Companies such as KNR Construction have low leverage; others such as Sadbhav Engineering lowered debt by de-merging toll road segment through an IPO. It is important for investors to evaluate the debt reduction plans of leveraged developers.
Project profile is pertinentInvestors in EPC companies have to evaluate the completion track record and whether the expertise is in-house. The risks are, however, higher for BOT projects where initial construction accounts for a smaller share of the overall timeline. Traffic and toll revenue projections also have to be evaluated and these depend on the expectation of vehicle traffic mix.
For instance, in mining-heavy regions, revenue would be primarily from heavy trucks and there may be risks. For example, Sadbhav’s Bijapur-Hungund toll revenue was impacted due to iron ore mining ban.
In non-industrial areas where passenger car traffic may be higher, policy change risks have to be considered. A case in point is IL&FS Transport Networks’ Warora Chandrapur Ballarpur toll road, which was told, in June 2015, to exempt light motor vehicles and State buses from tolls, by the Government of Maharashtra. While the revenue shortfall will be compensated by the government, delays in payments and other risks must be considered.

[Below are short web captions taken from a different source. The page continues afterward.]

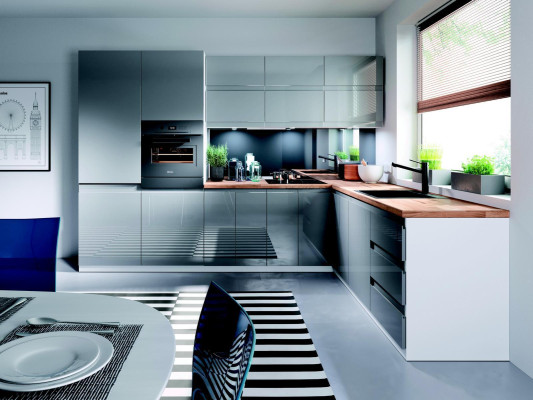 Cocina moderna en forma de L, diseño de armario de cocina a medida en color gris.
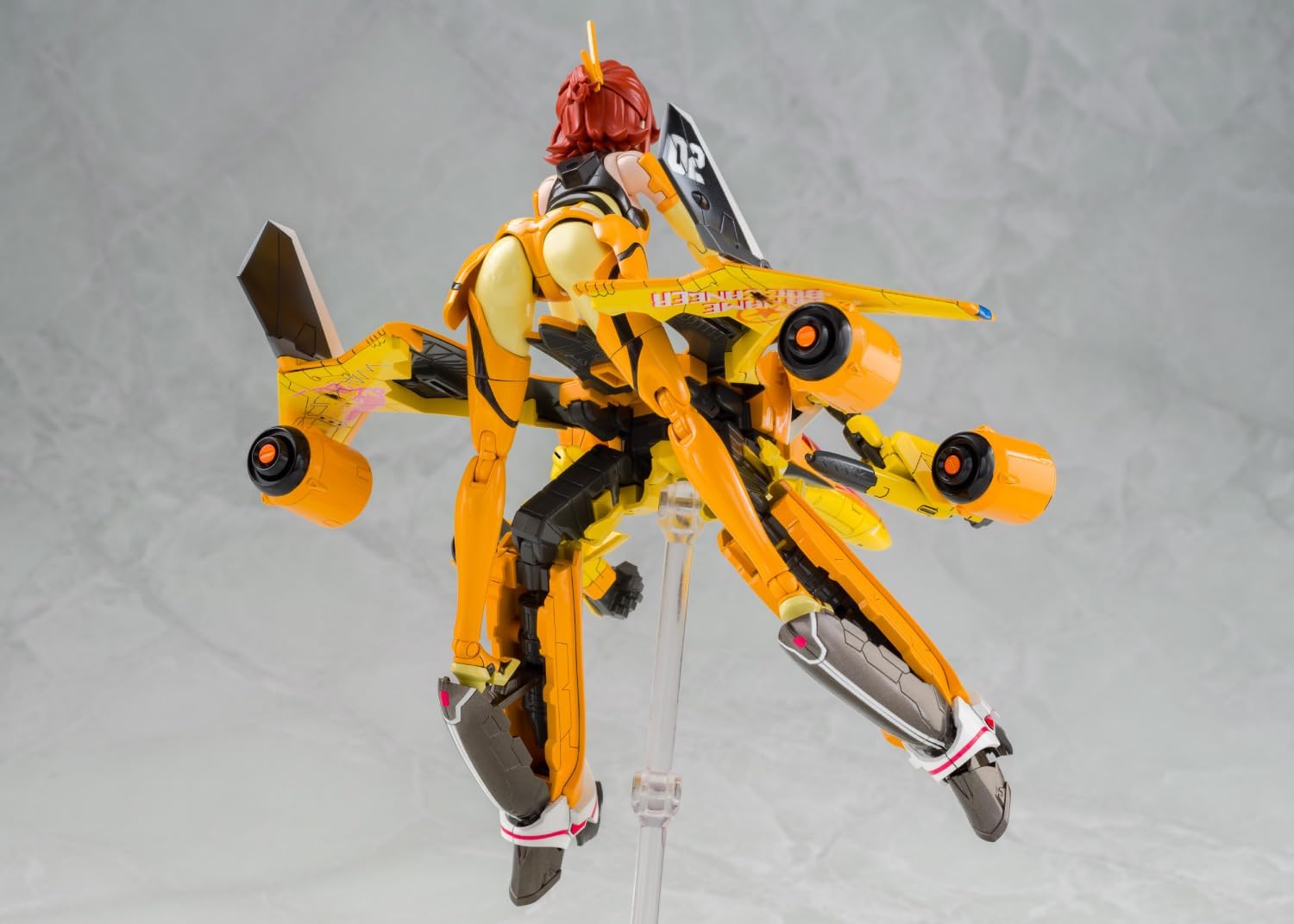 Aoshima ACKS MC-16 V.F.G. Macross Delta VF-31J Siegfried Kaname Buccaneer - BanzaiHobby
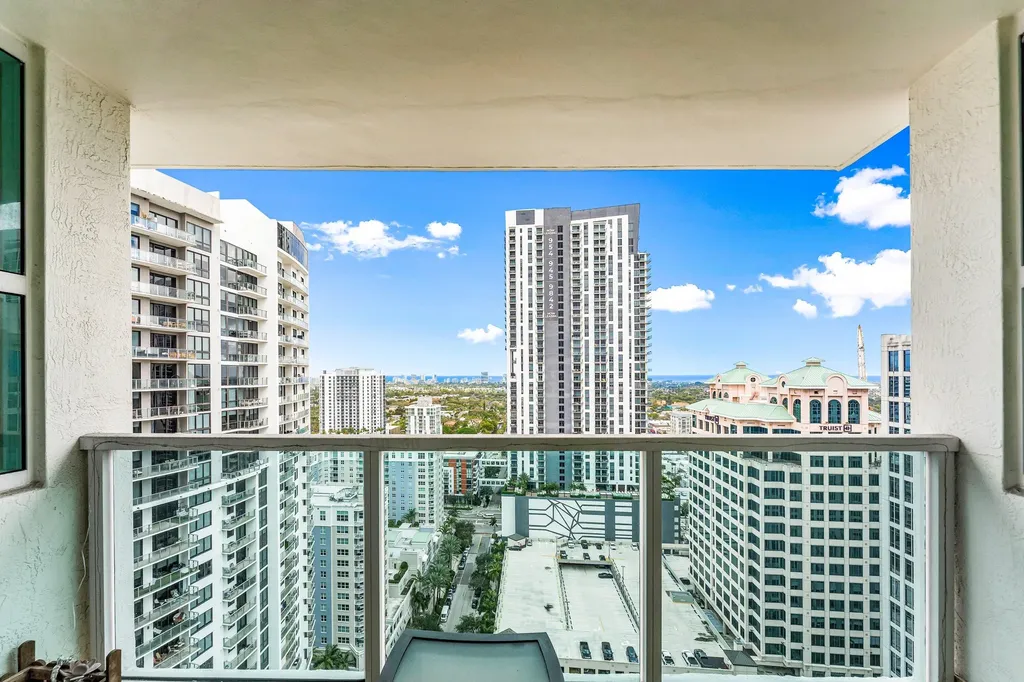 350 SE 2nd Street Fort Lauderdale FL 33301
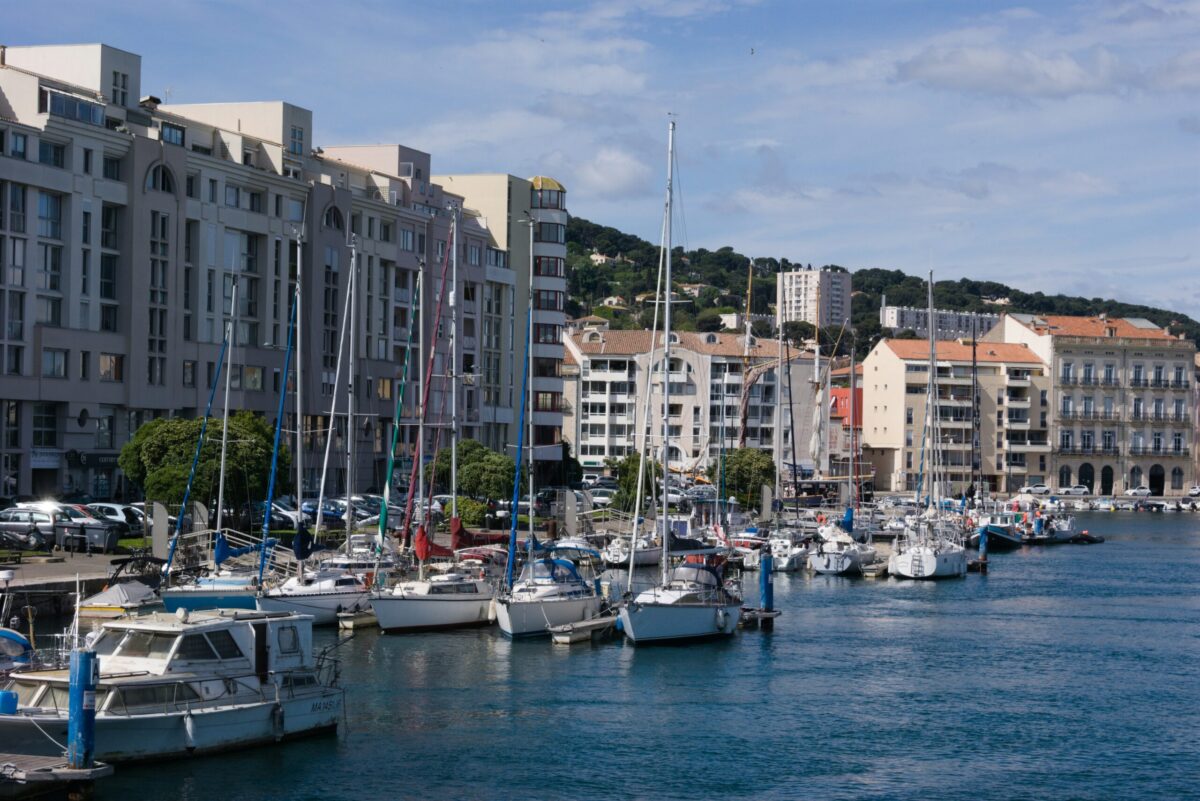 découvrez la ville de sète, ville portuaire pittoresque située en bord de mer méditerranée, réputée pour ses canaux, sa gastronomie et ses festivals artistiques.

The terms of the construction contract are also important to check. In the past, high competition to win awards meant aggressive bids and unfavourable terms such as high premium sharing with the authority. Also, toll rate hikes were based on inflation; while this was beneficial in the days of high inflation, given that WPI is in the negative zone, these terms can hurt.
There were recent updates to the model concession agreement (MCA) — the contract that spells out the terms between the road developer and the authority — in August 2015. For instance, premium payments to the authority from the developer are now pushed out to three years after completion from one year earlier.
Why does it matter? Toll revenue tends to be low in early years and rises with traffic growth and toll rate increase over the years. Not paying premium when revenue is low and interest payment is high will ease stress from debt service obligations. Premium payments for 11 road projects, including Ashoka Buildcon’s Dankuni project, have been rescheduled in the last nine months. And rather than negotiating on a case-by-case basis, the new policy will provide relief to all BOT developers whose contracts include premium sharing. That said, the fixed annuity model of awarding project may offer better terms — as it removes traffic and revenue uncertainty.
Companies with toll projects in industrial growth corridors with non-inflation-linked rate hikes may be good options to consider.
Developers such as Ashoka Buildcon and Sadbhav Infrastructure, which were not over-aggressive in their bidding, may also profit in the long term as the aggressive ones leave the fray.